A low-cost prototype provides real-time information regarding wastewater quality
UCAM, who validated this device in four sewage treatment plants of the Region, participates in the European project Life Ecosens Aquamonitrix, together with partners from Ireland, Finland, Portugal and Spain.
UCAM Universidad Católica de Murcia held the Conferences for the monitoring, analysis and smart management of water, where an advance in the results of the European Project Life Ecosens Aquamonitrix, in which it participates with its research groups GRITA and TASA, together with other institutions and companies, such as the Spanish company LKS Krean, or TelLab (Ireland), Kemira (Finland) and the Universidade Nova de Lisboa were presented. This European project is co-financed by the European Commission, through the Life programme, which focuses on the environment and on climate change.
The researchers developed and implemented, during 3 years, a low-cost, portable and autonomous system for the monitoring of water, both wastewater and water of natural origin, to control its quality in real time through IoT technologies. Seventeen devices were installed in the different participating countries, nine of them in the sewage treatment plants of Molina de Segura, Alcantarilla, San Pedro del Pinatar and Los Alcázares, which belong to the ESAMUR sewage and water treatment network of the Region.
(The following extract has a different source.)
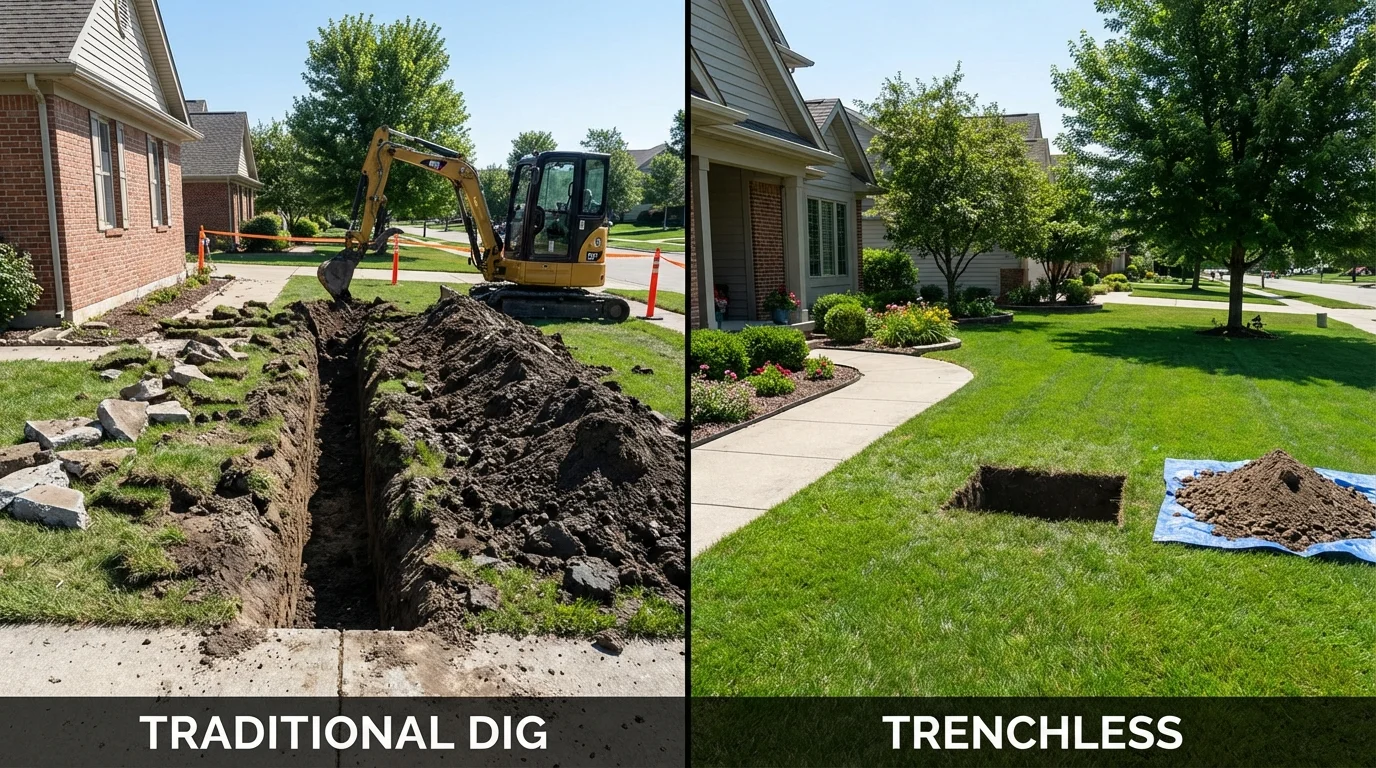 Trenchless sewer repair with minimal yard damage versus traditional excavation in Seymour, WI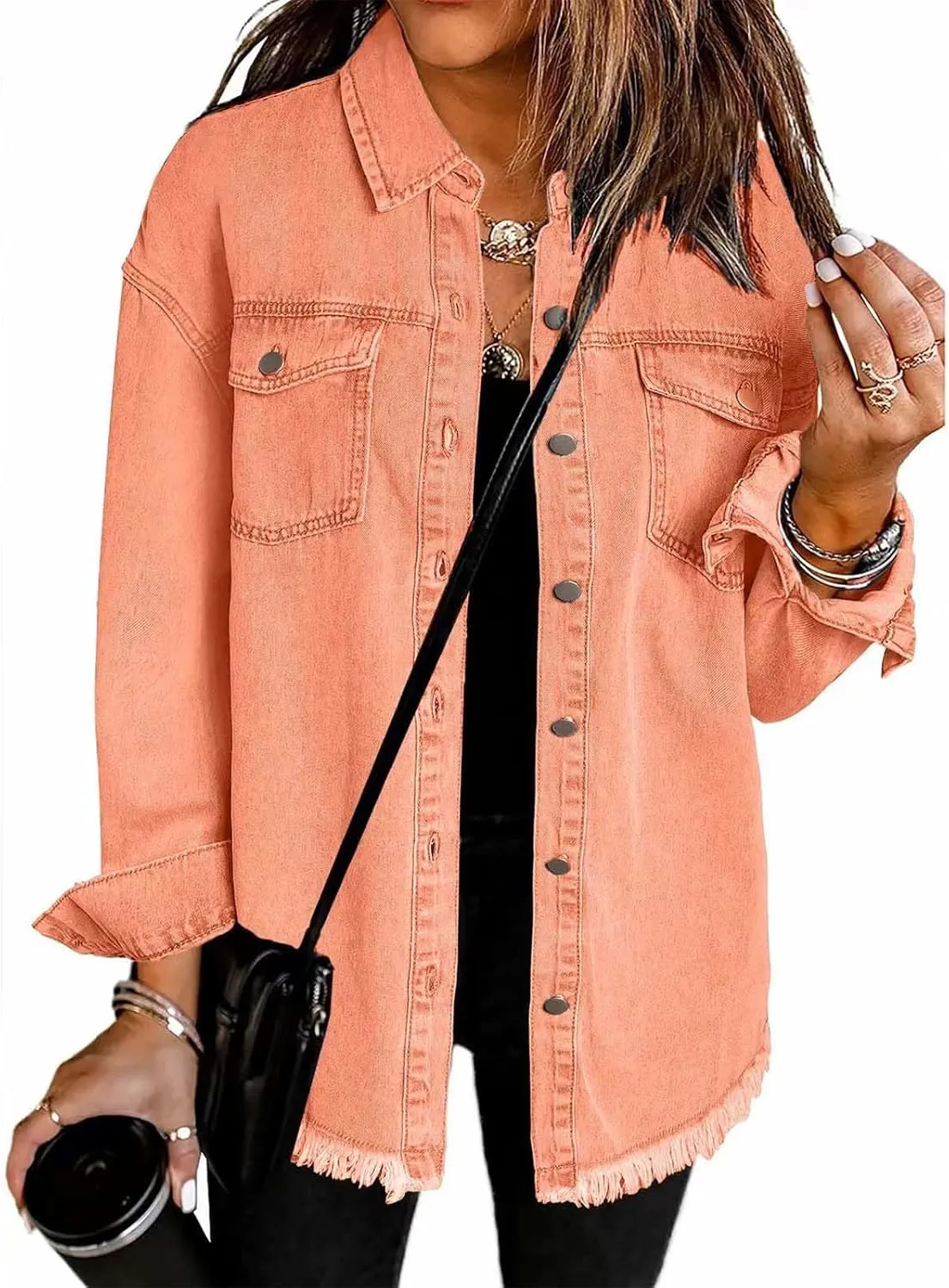 Womens Oversized Button Up Frayed Hem Shacket Long Sleeve Pockets Denim Jean Jacket Trucker Coats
These devices made it possible to monitor the levels of nitrates and nitrites, which are compounds of interest in our Region.
Juan Miguel Navarro, main researchers of the GRITA group of UCAM, assures that in areas as arid as the Region of Murcia “we must leverage all the water resources we have, hence the importance of the reuse of water, something that is already being done with 95% of waste water, which is mostly used for agricultural purposes”. Until now, quality controls were carried out manually in specific moments of the day, “while this new device, which will be available on the market soon, offers information regarding the efficiency of the water treatment and, therefore, its quality, in real time and it can even be installed in ‘hot points’, such as the watercourses”, explains Nuria Vela de Oro, researcher of the TASA group.